I always forget to check the SoCal Studio’s MySpace page to find out what’s happening down there, which is how I didn’t find out about Saturday’s Chinatown Walk in time. However, they are running the Los Angeles Women exhibit through May. They’re in Chinatown, at 525 Alpine Street, Suite 103, 90012, and are open Saturdays if you want to go visit. I’m definitely going to check this out as soon as I get back to L.A. next week.
Inspired by the countless women who have shaped and continue to make local history, Los Angeles Women: A Record of Experience celebrates women who have made a difference in the history of Southern California through hard fought struggle, innovation, and compassion for her fellow human beings.
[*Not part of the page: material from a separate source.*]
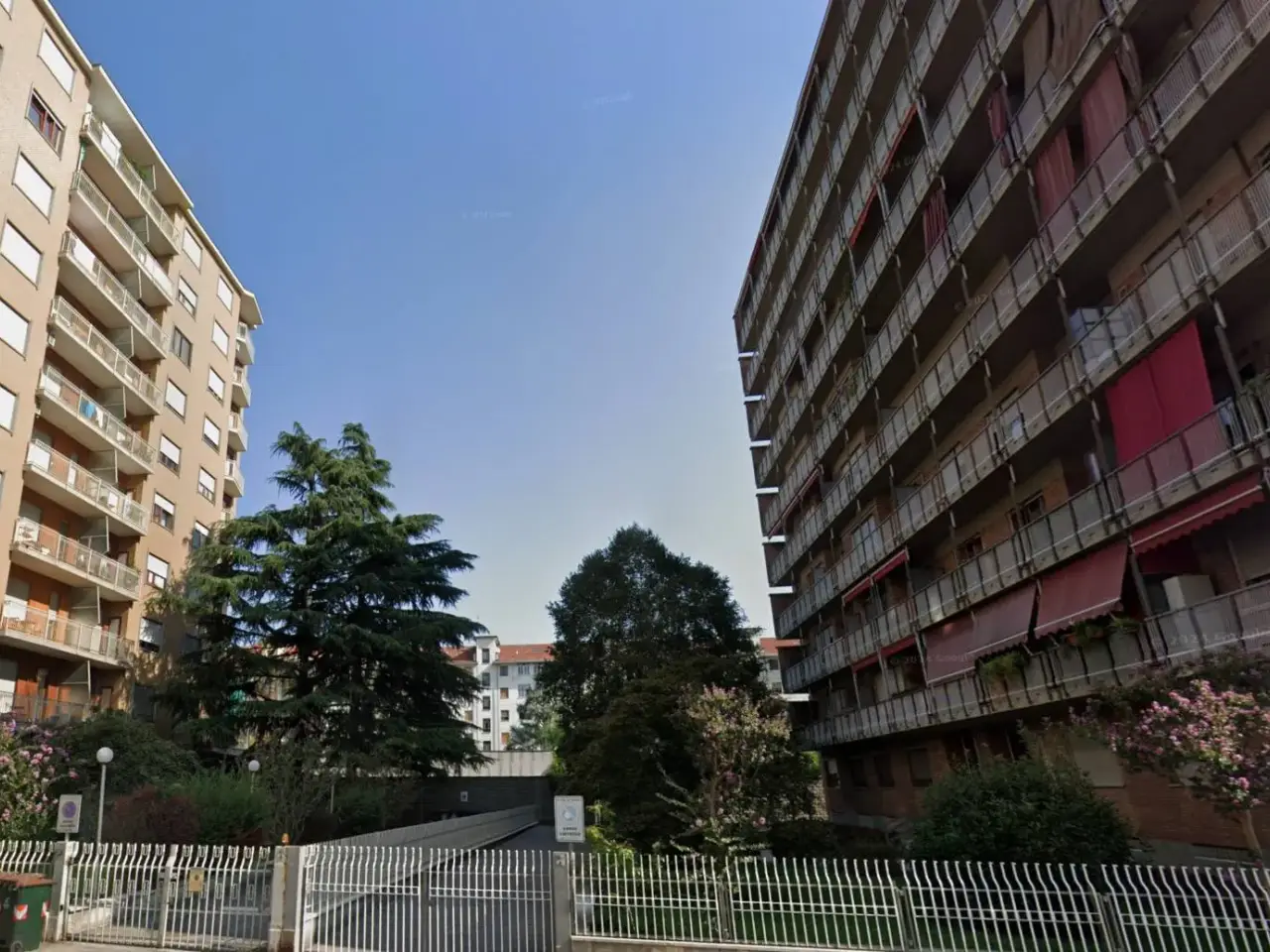 Magazzino in Via Garessio 37, Torino, {3} - Foto 1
Los Angeles Women profiles activists and pioneers who challenged the status quo in order to bring social justice or appreciation of the world around her. This exhibit borrows photographs and video from local and national archives as well as oral histories from the Studio’s collection to illustrate the powerful and often under-acknowledged sphere of women’s history.
Los Angeles Women features a 30′ Community Quilt composed of blocks created by local residents. Each block represents a significant contribution to local women’s history. In addition to traditional blocks, the Community Quilt includes multimedia blocks that integrate the Studio’s oral history collection.
The Studio for Southern California History is intended to be a participatory space and there are ways for visitors to write their own personal history or other items into our Timeline that includes global, national, state, & local women’s history.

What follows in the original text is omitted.